=== Task material ===
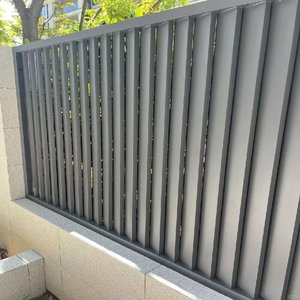 Panneaux <span class=keywords><strong>de</strong></span> clôture <span class=keywords><strong>de</strong></span> piscine en aluminium noir certifiés sécurité, installation facile, système <span class=keywords><strong>de</strong></span> clôture <span class=keywords><strong>de</strong></span> protection avec revêtement en poudre - Product Image 3
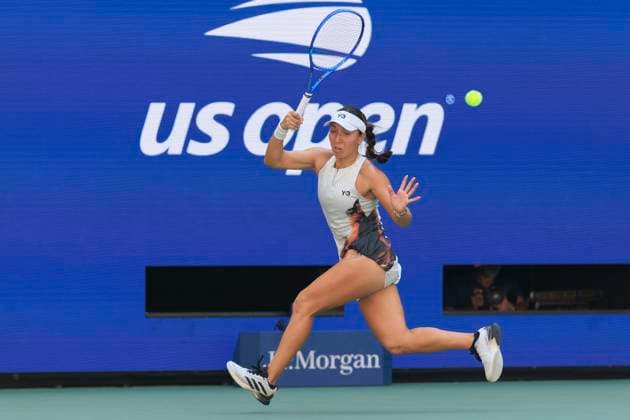 September 2, 2025, Flushing Meadows, New York, USA: Jessica Pegula hits a running forehand during a match against Barbora Krejcikova on Day 10 of the 2025 US Open at USTA Billie Jean King National Tennis Center on Tuesday September 2, 2025 in the Flushing neighborhood of the Queens borough of New York City. JAVIER ROJAS PI Flushing Meadows USA - ZUMAp124 20250902_zaa_p124_018 Copyright: xJavierxRojasx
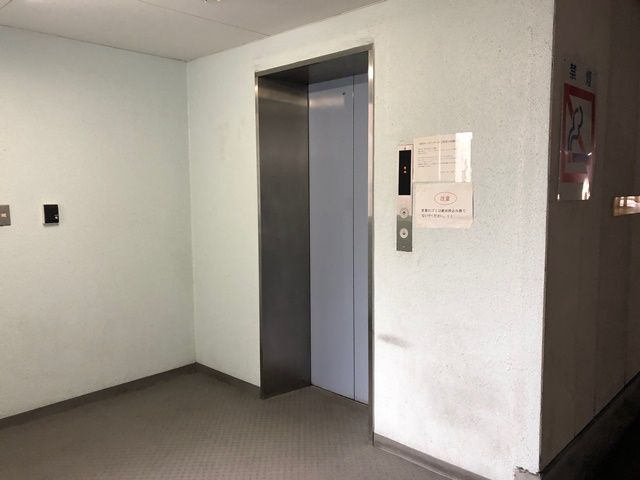 入庫手順4. 駐車後、エレベーターで1階まで降りてください
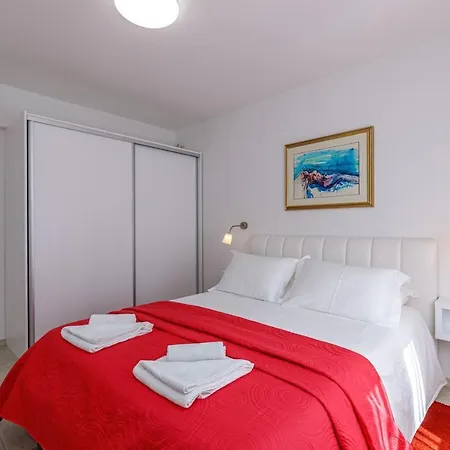 Lavizatic Pensionat 3*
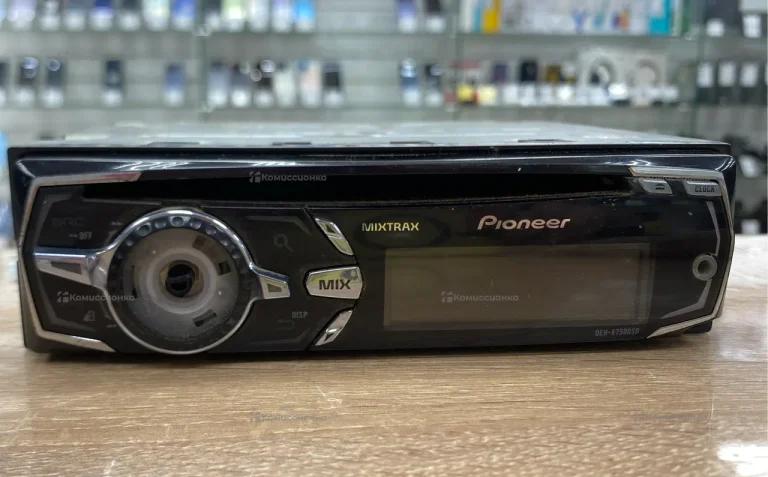 Автомагнитола  pioneer deh-x7500sd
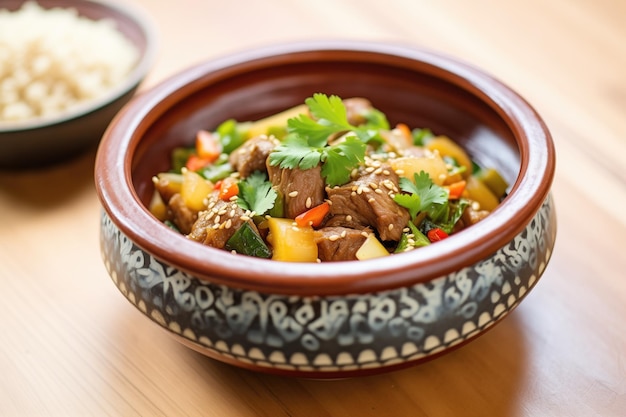 Fertiges Lamm-Tajine-Gericht mit bestreuten Sesamkörnern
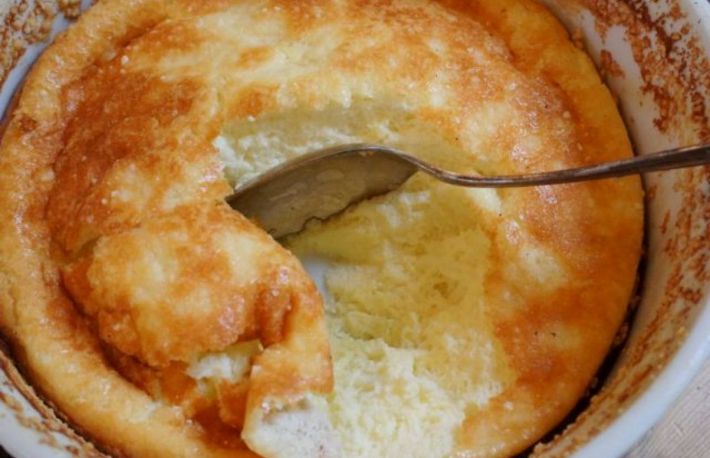 Reteta: Sufleu de branza cu albus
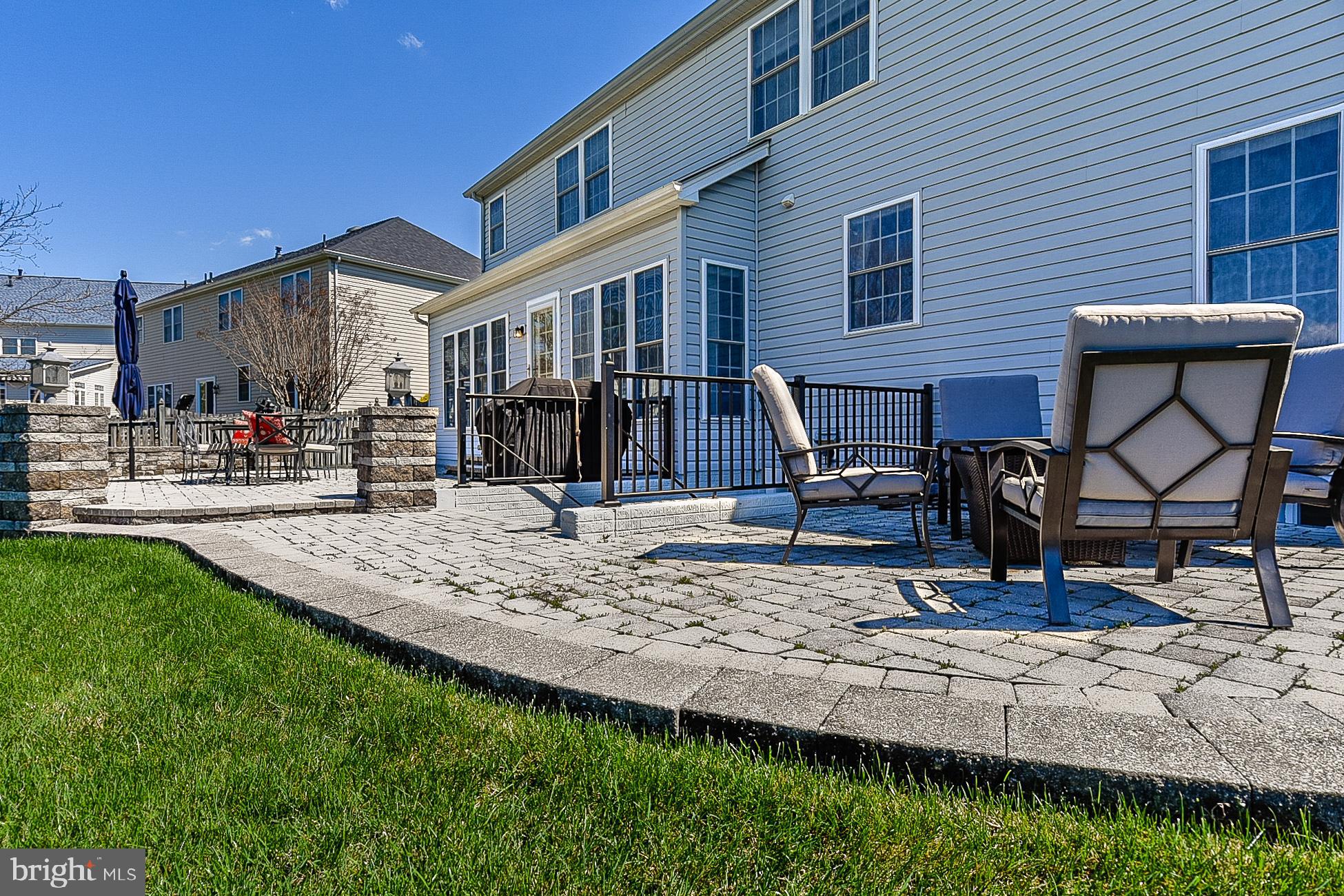 CHAPEL GROVE - Residential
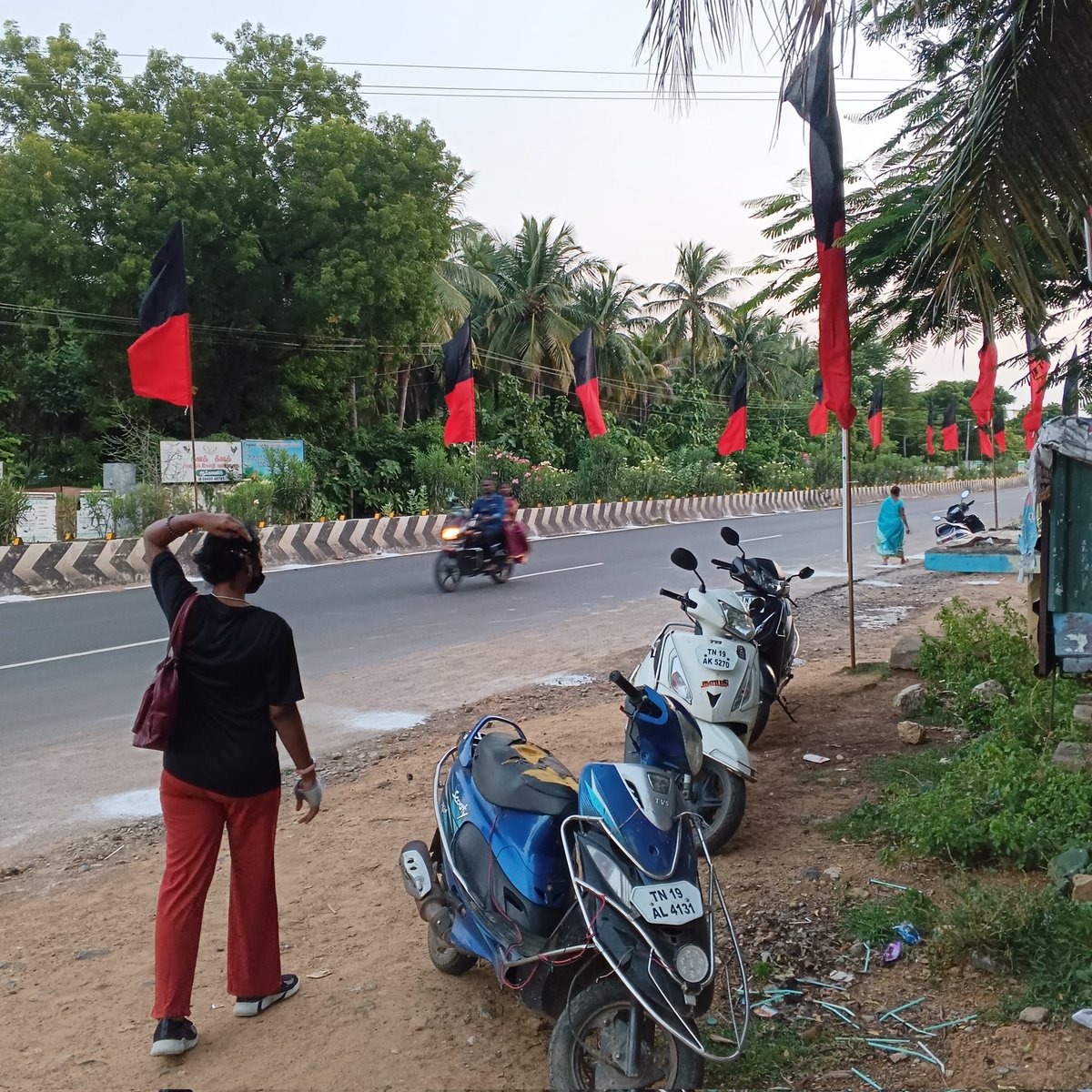 parveen_nisa's tweet photo. #Thalapathy🔹#CMMKStalin🔹@DMKITwing🔹@ITWWomenNetwork🔹@WING2point0🔹#மகளிர்உரிமைமாநாடு🔹#திமுக75🔹#WomensRightsConference🔹#NewProfilePic🔹#ParveenNisha 🔹#ReportingForDuty🔹#beingME🔹#teamPN🔹#தளபதிமுகஸ்டாலின்_முகநூல்குழுவினர்🔹https://t.co/Se1w9gDxbj🔹https://t.co/aAYne5SyTh https://t.co/a0tQdpq5NI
===
How to complete this task ▸ A word-for-word copy of all the data, without pictures, is the expected output.

Answer to this problem ▸
 Panneaux <span class=keywords><strong>de</strong></span> clôture <span class=keywords><strong>de</strong></span> piscine en aluminium noir certifiés sécurité, installation facile, système <span class=keywords><strong>de</strong></span> clôture <span class=keywords><strong>de</strong></span> protection avec revêtement en poudre - Product Image 3
 September 2, 2025, Flushing Meadows, New York, USA: Jessica Pegula hits a running forehand during a match against Barbora Krejcikova on Day 10 of the 2025 US Open at USTA Billie Jean King National Tennis Center on Tuesday September 2, 2025 in the Flushing neighborhood of the Queens borough of New York City. JAVIER ROJAS PI Flushing Meadows USA - ZUMAp124 20250902_zaa_p124_018 Copyright: xJavierxRojasx
 入庫手順4. 駐車後、エレベーターで1階まで降りてください
 Lavizatic Pensionat 3*
 Автомагнитола  pioneer deh-x7500sd
 Fertiges Lamm-Tajine-Gericht mit bestreuten Sesamkörnern
 Reteta: Sufleu de branza cu albus
 CHAPEL GROVE - Residential
 parveen_nisa's tweet photo. #Thalapathy🔹#CMMKStalin🔹@DMKITwing🔹@ITWWomenNetwork🔹@WING2point0🔹#மகளிர்உரிமைமாநாடு🔹#திமுக75🔹#WomensRightsConference🔹#NewProfilePic🔹#ParveenNisha 🔹#ReportingForDuty🔹#beingME🔹#teamPN🔹#தளபதிமுகஸ்டாலின்_முகநூல்குழுவினர்🔹https://t.co/Se1w9gDxbj🔹https://t.co/aAYne5SyTh https://t.co/a0tQdpq5NI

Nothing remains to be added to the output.